— Required work —
Your answer must be an exact copy of the listing that follows, with all pictures omitted.

— Data shown —

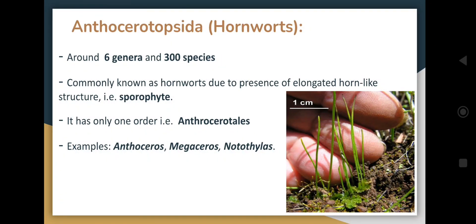Anthocerotopsida, commonly known as hornwort, is the class of six genera and three hundred species. As this bryophyte shows the presence of elongated horn-like structures, it is commonly known as hornwort. This elongated horn-like structure is actually the sporophyte from where the spores are released. It has only one order: Anthocerotales. The members of this class and order are Anthoceros, Megaceros, Notothalus, and many more.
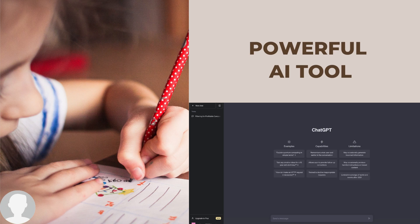ChatGPT is a very powerful AI tool and you must have heard about it in the news lately. If you go to any blog, any website, or open any newspaper, everyone is talking about ChatGPT. We are going to look at this AI tool and how it can help you do your research better and make better investment decisions.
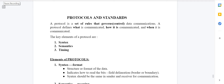Welcome to this video tutorial on the topic of protocols and standards, which comes under Chapter 1: Introduction to Computer Networks. At the end of the video, I'll also be discussing some questions — the type of questions that can be asked from this topic.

— Problem solution —
Anthocerotopsida, commonly known as hornwort, is the class of six genera and three hundred species. As this bryophyte shows the presence of elongated horn-like structures, it is commonly known as hornwort. This elongated horn-like structure is actually the sporophyte from where the spores are released. It has only one order: Anthocerotales. The members of this class and order are Anthoceros, Megaceros, Notothalus, and many more.
ChatGPT is a very powerful AI tool and you must have heard about it in the news lately. If you go to any blog, any website, or open any newspaper, everyone is talking about ChatGPT. We are going to look at this AI tool and how it can help you do your research better and make better investment decisions.
Welcome to this video tutorial on the topic of protocols and standards, which comes under Chapter 1: Introduction to Computer Networks. At the end of the video, I'll also be discussing some questions — the type of questions that can be asked from this topic.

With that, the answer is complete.